**Data for the task**

■ ■ ■

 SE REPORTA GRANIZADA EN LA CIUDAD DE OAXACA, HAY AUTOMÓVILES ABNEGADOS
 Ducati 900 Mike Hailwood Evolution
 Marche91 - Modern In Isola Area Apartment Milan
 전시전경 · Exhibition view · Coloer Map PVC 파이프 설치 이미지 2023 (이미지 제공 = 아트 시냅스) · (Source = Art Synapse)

■ ■ ■

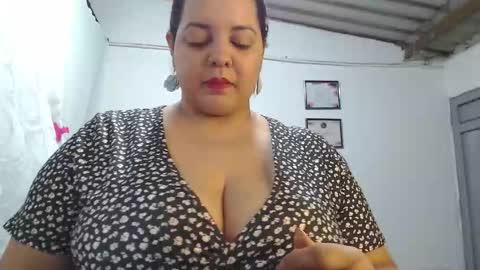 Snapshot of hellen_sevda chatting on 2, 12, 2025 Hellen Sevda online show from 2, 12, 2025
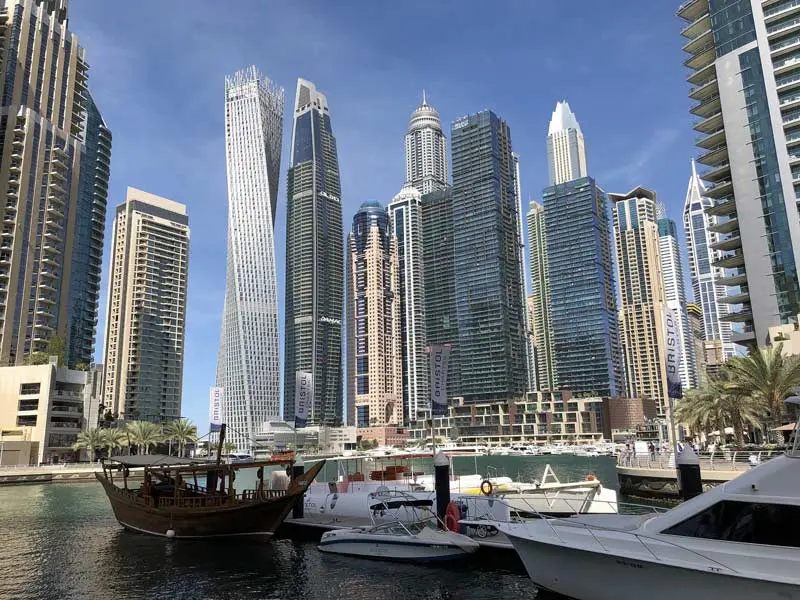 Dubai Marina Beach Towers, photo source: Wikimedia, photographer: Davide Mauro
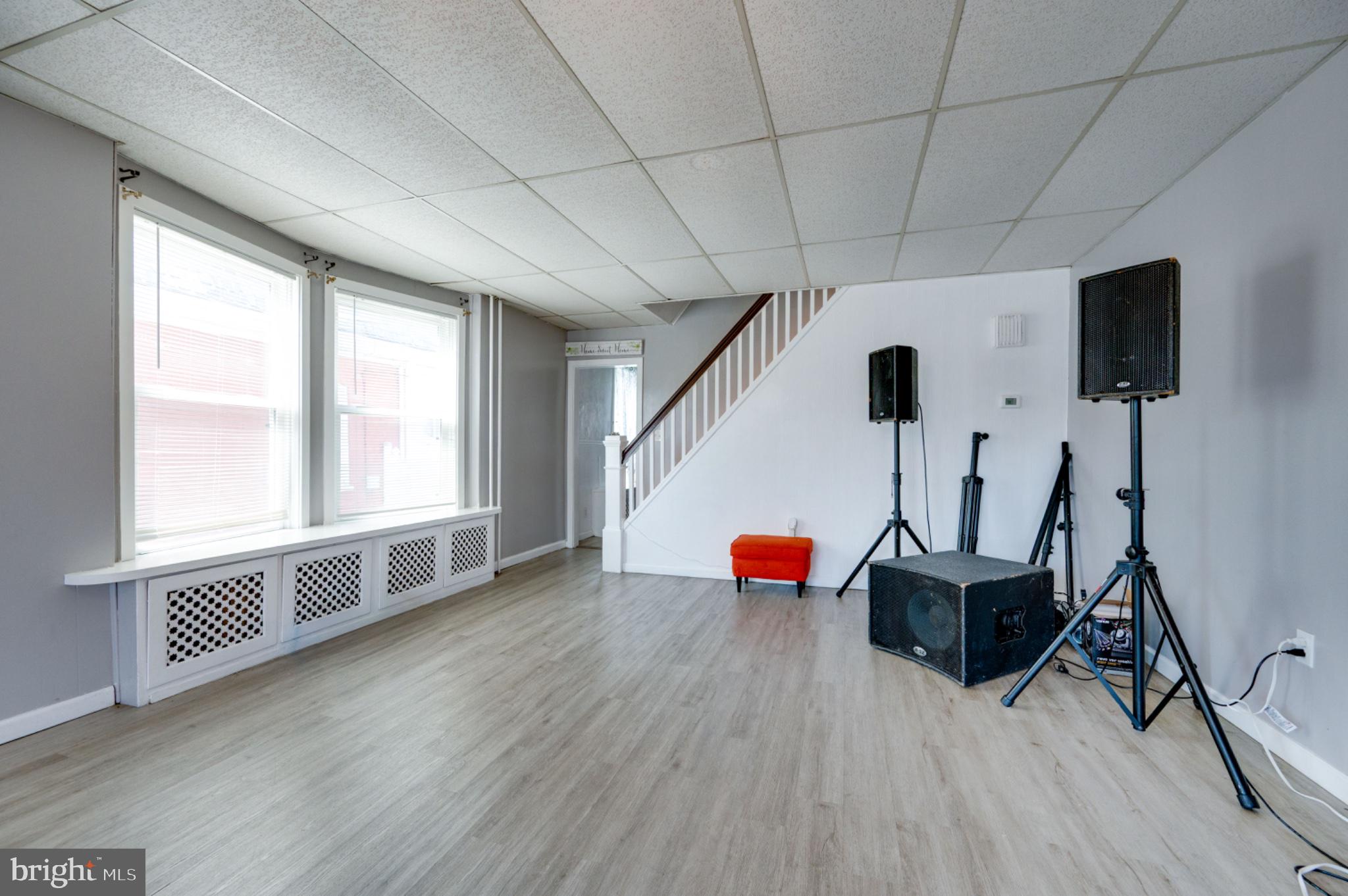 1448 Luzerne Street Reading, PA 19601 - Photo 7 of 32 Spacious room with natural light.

■ ■ ■

**What is needed**
Your answer should be the lines above from the one containing "SE REPORTA GRANIZADA" through the one containing "전시전경 · Exhibition", copied exactly and with both ends kept.

**Output for this task**
 SE REPORTA GRANIZADA EN LA CIUDAD DE OAXACA, HAY AUTOMÓVILES ABNEGADOS
 Ducati 900 Mike Hailwood Evolution
 Marche91 - Modern In Isola Area Apartment Milan
 전시전경 · Exhibition view · Coloer Map PVC 파이프 설치 이미지 2023 (이미지 제공 = 아트 시냅스) · (Source = Art Synapse)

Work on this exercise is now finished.